According to the research, published in Nature Cell Biology, targeted doses of doxorubicin could potentially inhibit the interaction between two molecular pathways that work together to encourage tumor growth.
John M. Perry, PhD, a researcher with the Children’s Mercy Research Institute at Children’s Mercy, stated that low doses of doxorubicin seemed to stimulate the immune system, in contrast with typical clinical doses.
Stowers Institute Investigator Linheng Li and Research Specialist Xi He were able to show in their research that the protein kinase Akt could enhance Wnt signaling via phosphorylating beta-catenin. In turn, tumorigenesis was promoted within the gut.
Perry then turned to a mouse model with genetic modifications of the Wnt/beta-catenin and PI3K/Akt pathways, and discovered that the two pathways work together to drive stem cell renewal. This resulted in excessive blood-forming stem cell production, but instead of just expanding stem cells, the permanent activation of the pathways ended with the mice developing leukemia. Using this information, the researchers began to focus on how to inhibit the interaction between those pathways to target leukemia stem cells.
Typically, drugs that directly target the Wnt/beta-catenin or PI3K/Akt pathways eventually fail because the cancer cells become resistant to them.
“Our idea was to find a drug with the goal of blocking the interaction between Wnt/beta-catenin and PI3K/Akt and reduce the toxicity,” Li said.

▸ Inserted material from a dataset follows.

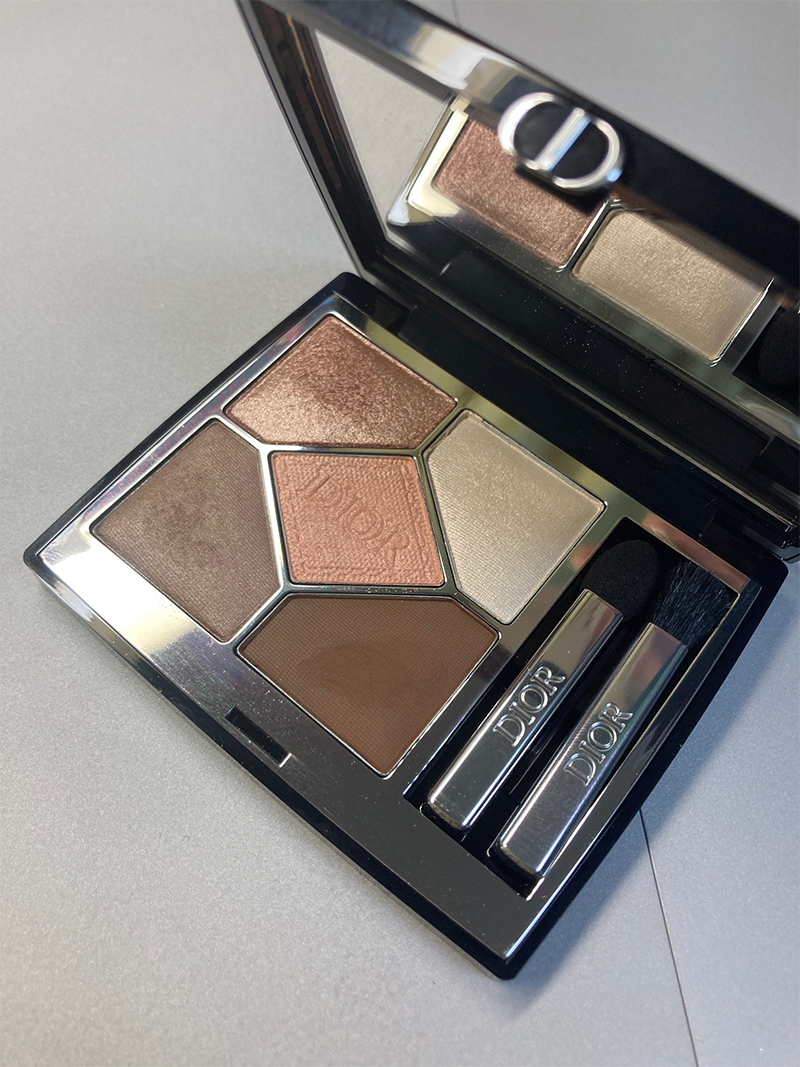 Dior Diorshow 5 Couleurs Eye Palette 7g #649 Nude Dress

The researchers carried out drug screening, which revealed that doxorubicin was the most effective drug for inhibiting the interaction between the two pathways. They also turned to samples collected from pediatric leukemia patients at Children’s Mercy, which helped them better understand whether low-dose doxorubicin treatment could improve survival rates and reduce leukemia development.
“We found that mice receiving patient sample transplants with therapy-resistant leukemia stem cells rapidly developed leukemia, but low-dose doxorubicin treatment improved survival by reducing leukemia stem cells,” Perry said. “However, mice receiving patient sample transplants that did not contain therapy-resistant leukemia stem cells did not respond to low-dose doxorubicin treatment. These results showed that chemoresistant leukemia stem cells from patients could be functionally reduced with low-dose doxorubicin treatment, at least in an in vivo animal model assay.”

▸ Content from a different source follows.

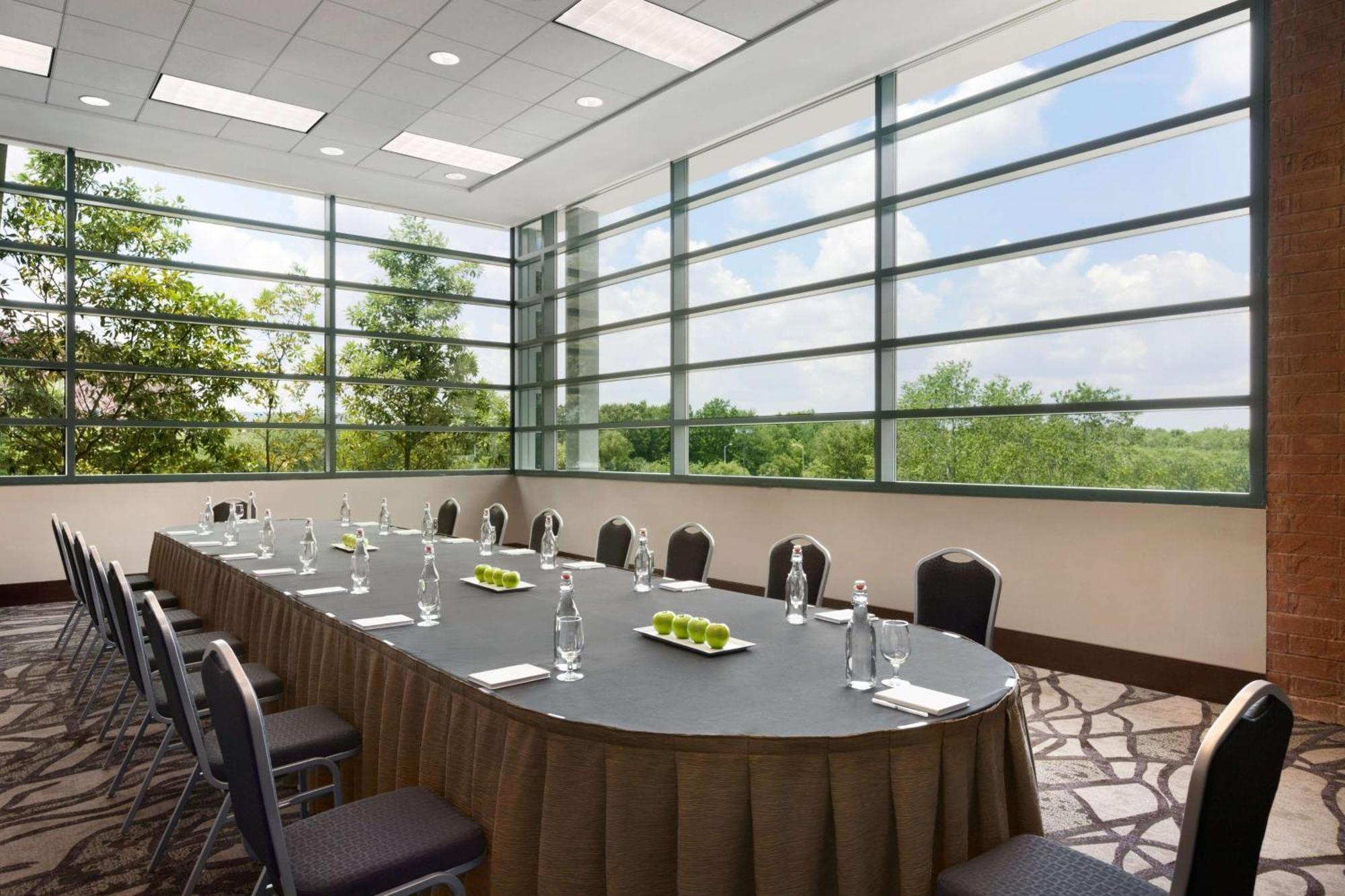 Embassy Suites North Charleston Airport Hotel Convention Luaran gambar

Li added that the research could eventually help others develop a more effective strategy to overcome cancer therapy resistance.
This is not the first time that researchers have uncovered a way to attack cancer with low doses of a drug. Scientists from Mater Research – The University of Queensland, announced earlier in April that they found they could overcome chemotherapy resistance in an ovarian cancer subtype by using low doses of 2-deoxy-D-glucose.

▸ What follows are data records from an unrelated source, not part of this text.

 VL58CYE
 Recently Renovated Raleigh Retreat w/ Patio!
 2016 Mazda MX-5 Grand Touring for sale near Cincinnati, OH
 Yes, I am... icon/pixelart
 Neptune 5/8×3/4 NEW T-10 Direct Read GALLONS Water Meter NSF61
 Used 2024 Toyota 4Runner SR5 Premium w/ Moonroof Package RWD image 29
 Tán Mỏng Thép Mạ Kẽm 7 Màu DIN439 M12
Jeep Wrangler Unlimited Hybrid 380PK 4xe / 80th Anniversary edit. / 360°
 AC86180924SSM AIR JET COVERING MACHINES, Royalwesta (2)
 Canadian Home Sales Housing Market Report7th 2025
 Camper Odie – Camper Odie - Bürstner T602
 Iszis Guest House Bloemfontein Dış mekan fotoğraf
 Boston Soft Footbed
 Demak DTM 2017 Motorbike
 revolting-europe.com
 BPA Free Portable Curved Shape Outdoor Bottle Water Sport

At minimal levels, Doxorubicin appeared to significantly improve the effectiveness of chemotherapy in treating clear cell ovarian cancer tumor cells, according to the Translational Research Institute. Their work, which was published in the journal Cancers, may warrant other researchers’ desire to launch a clinical trial to learn more about the potential of 2-deoxy-D-glucose.
Earlier in April, scientists also discovered a new method for inhibiting the protein HSP72, according to the Institute of Cancer Research. This protein is known for helping cancer cells survive and resist treatment. One day, researchers may be able to use this method to develop drugs that directly target HSP72.